Government’s gamble to ignore Troika is paying off
Economist Jim Power says decision to rein in austerity in Budget 2015 is paying off
A protest against water charges in Dublin last month. Economist Jim Power warned on Tuesday that the only chance the current government has of getting back into power is another year of economic growth to facilitate a give away Budget next October. Photograph: Cyril Byrne / THE IRISH TIMES
The Government’s decision to ignore the advice of the Troika and the Fiscal Advisory Council in opting for a less punitive budgetary approach in Budget 2015, “seems to be paying off”, economist Jim Power said on Tuesday.
“This gamble was based on stronger economic indicators and it seems to be paying off, to date,” he said, noting that austerity has “passed its sell by date” in Ireland.
“Fiscal austerity as a creed has passed its sell by date in Ireland and elsewhere in Europe and austerity measures are now too politically risky for those in power,” Mr Power, chief economist with Friends First said on the publication of his latest Economic Outlook .

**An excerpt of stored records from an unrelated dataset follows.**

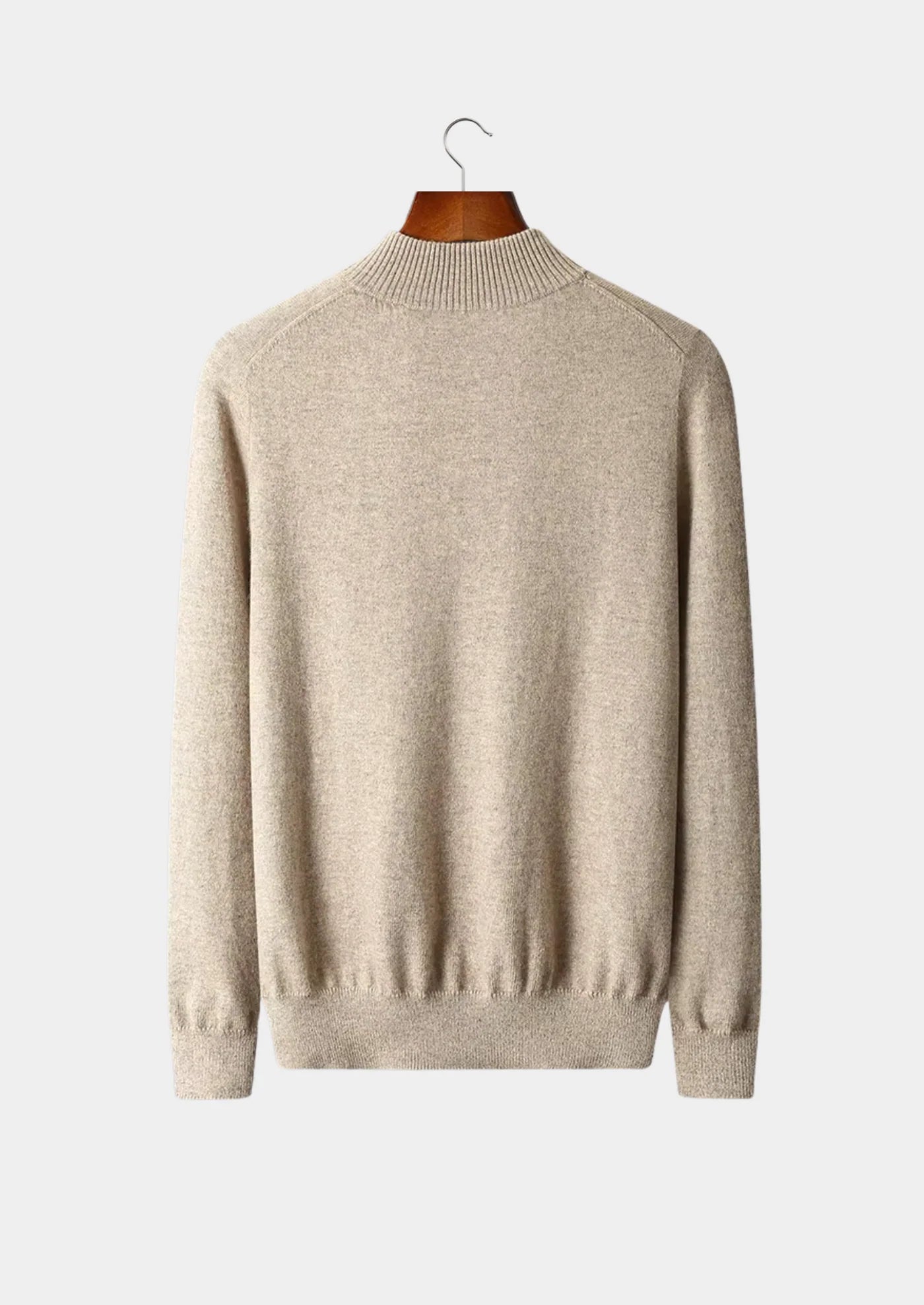 CHAMONIX WOOL HALF-ZIP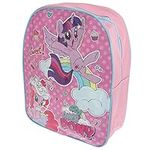 My Little Pony 1029HV-6489 Little Pony-31cm Junior Backpack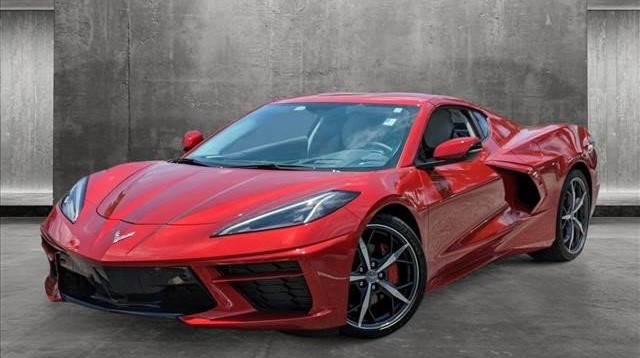 Chevrolet Corvette C8 Z06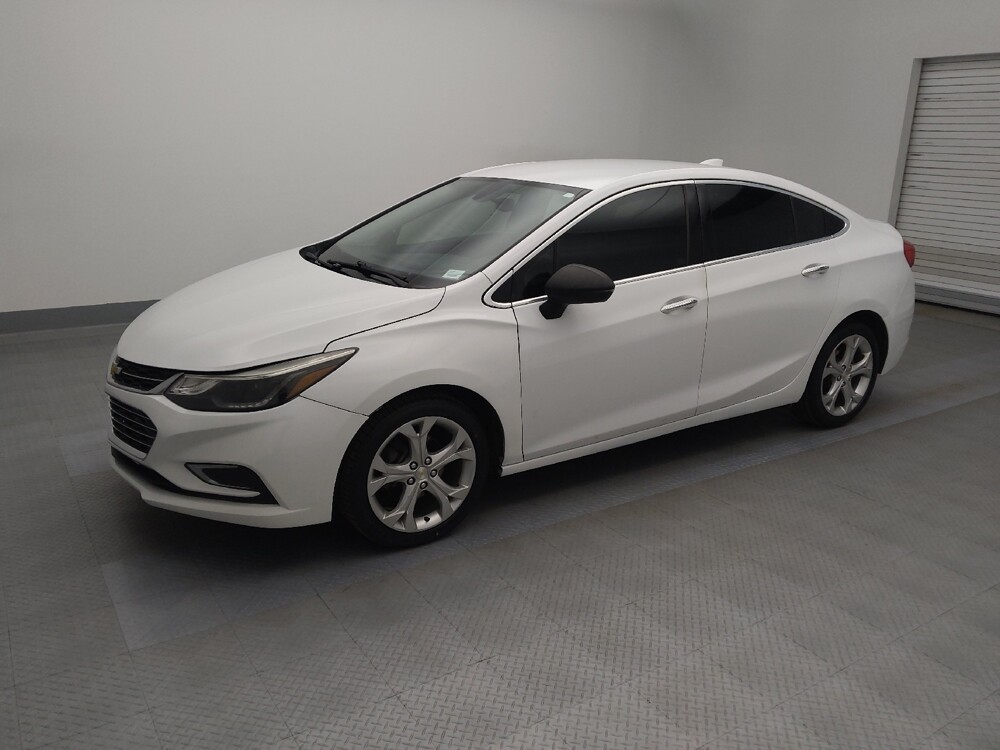2017 Chevrolet Cruze in Springfield, MO 65807 - 18100128 2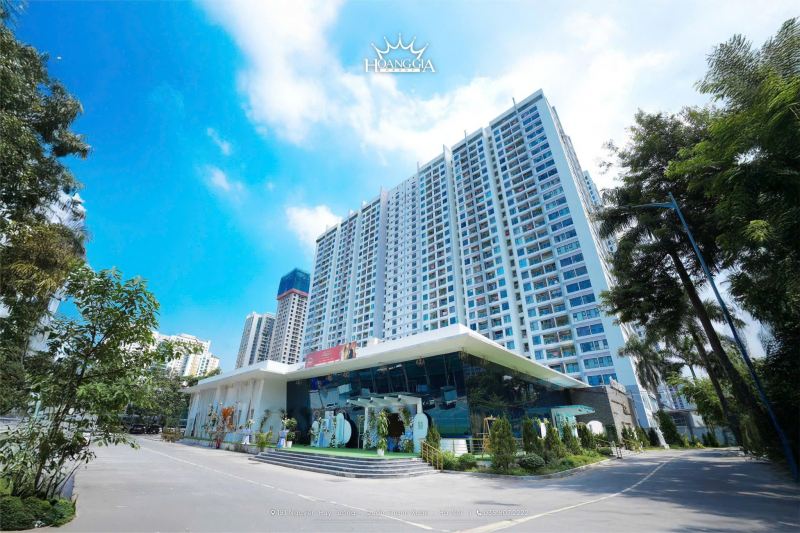 Trung tâm Hội nghị và Tiệc cưới Hoàng Gia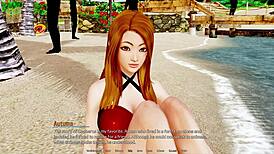 harem hotel 188 anime game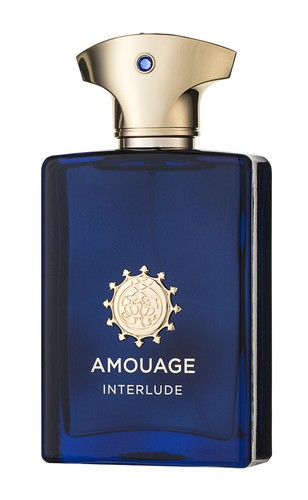 Amouage interlude man eau - man, de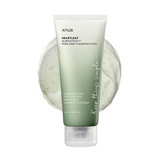 Heartleaf Quercetinol Pore Deep Cleansing Foam 150ML - ANUA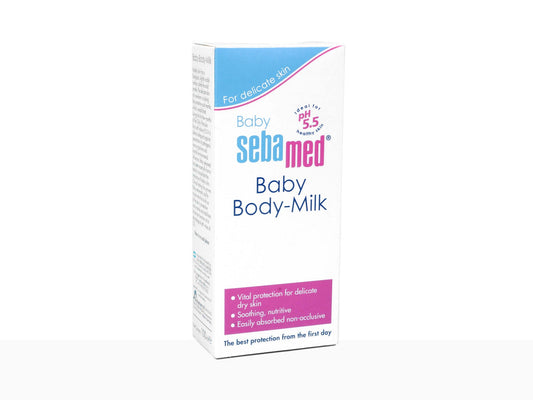 Sebamed Baby Body Milk, 100ml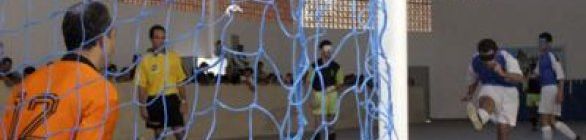 Campeonato da Copa Bahia de Futebol de Cinco para Cegos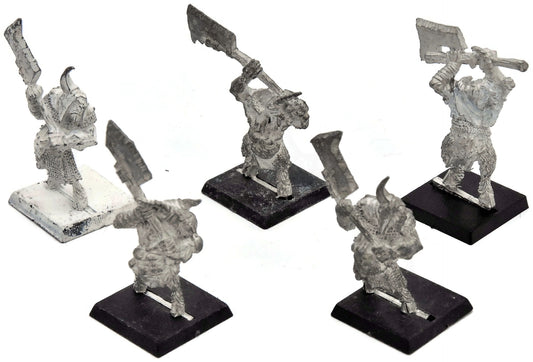 CHAOS DAEMONS 5 Pestigors #12 METAL Warhammer Fantasy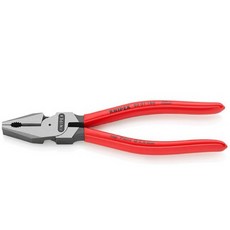 德國K牌 KNIPEX 德國製鋼絲鉗 7吋老虎鉗 電工鉗 台灣公司貨, 1個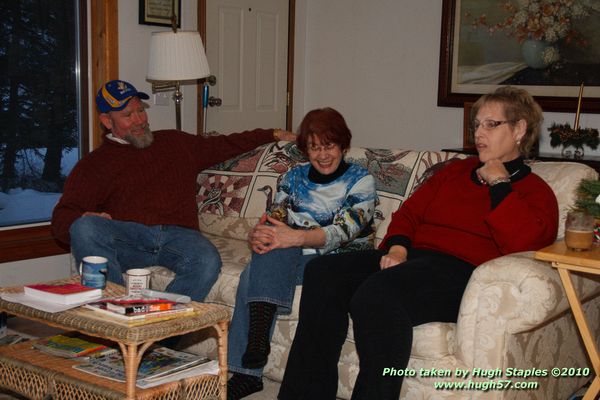 Christmas In Brimley 2010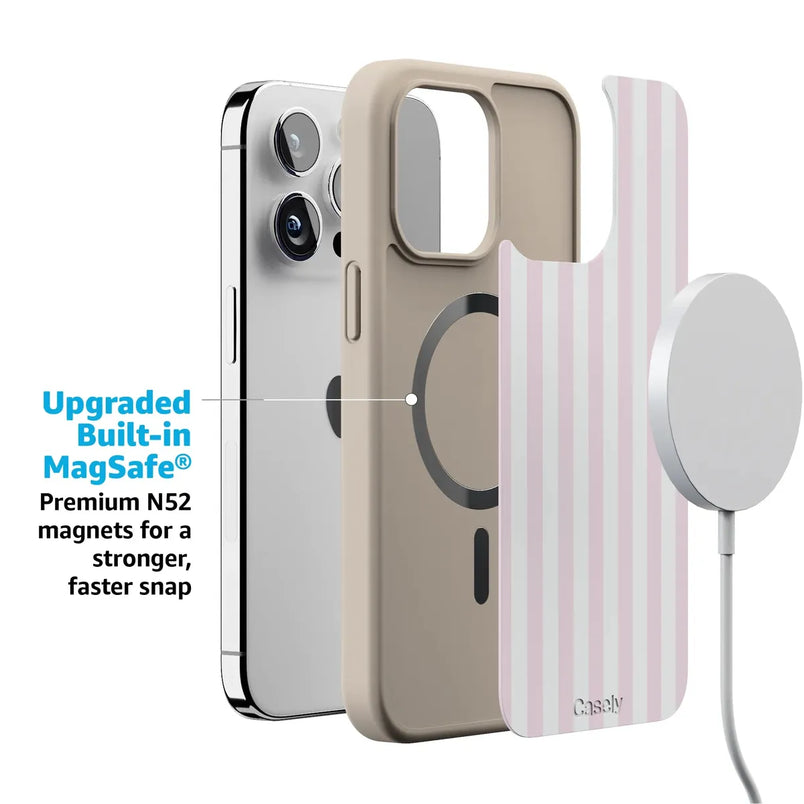 Pink Stripes | Sunday Best Case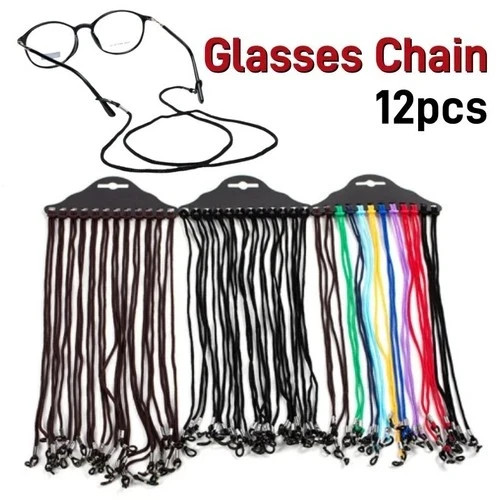12pcs reading glasses lanyards - glasses,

Overall, Mr Power said that economic indicators suggest that a recovery is “well underway”.
“The labour market is continuing to improve; construction and housing activity is strengthening, manufacturing output is strong and car sales are making a significant contribution to the recovery in retail sales,” he said.
However, he noted that discretionary spending and the personal sector remain weak and continue to pose a risk to recovery.
Other risk factors highlighted by Mr Power include the wider Eurozone economic performance, the high level of sovereign debt, the high level of SME debt and the level of personal debt and mortgage arrears in the country.
Mr Power said there are now “justifiable concerns” about price increases in the Dublin property market, noting that the Central Bank’s lending rules are both “prudent and sensible”.
While they might pose problems for first time buyers in particular, Mr Power said: “It is not the role of the Central Bank to worry about whether first–time buyers can get on the housing ladder or not. Its role is to control the risk in the mortgage market with the aim of bolstering the stability and resilience of the banking system. It failed to do this in the past and it is now moving to make sure the same mistakes are not made again. It is up to Government to decide if they want to and how they might help first-time buyers get on the ladder. Mandatory mortgage insurance provided by a third-party providers is an option that should be seriously considered.”
With regards to water charges, Mr Power said that the government parties have been “ very badly damaged”.
“While water charges themselves are tiny in the context of the massive fiscal adjustments that have occurred since 2008, they represent the straw that broke the camel’s back. If the opinion polls are to be believed the only hope the current Government has of getting back into power is that another year of economic recovery and another expansionary budget next October will convince the electorate that they are worth re-electing.”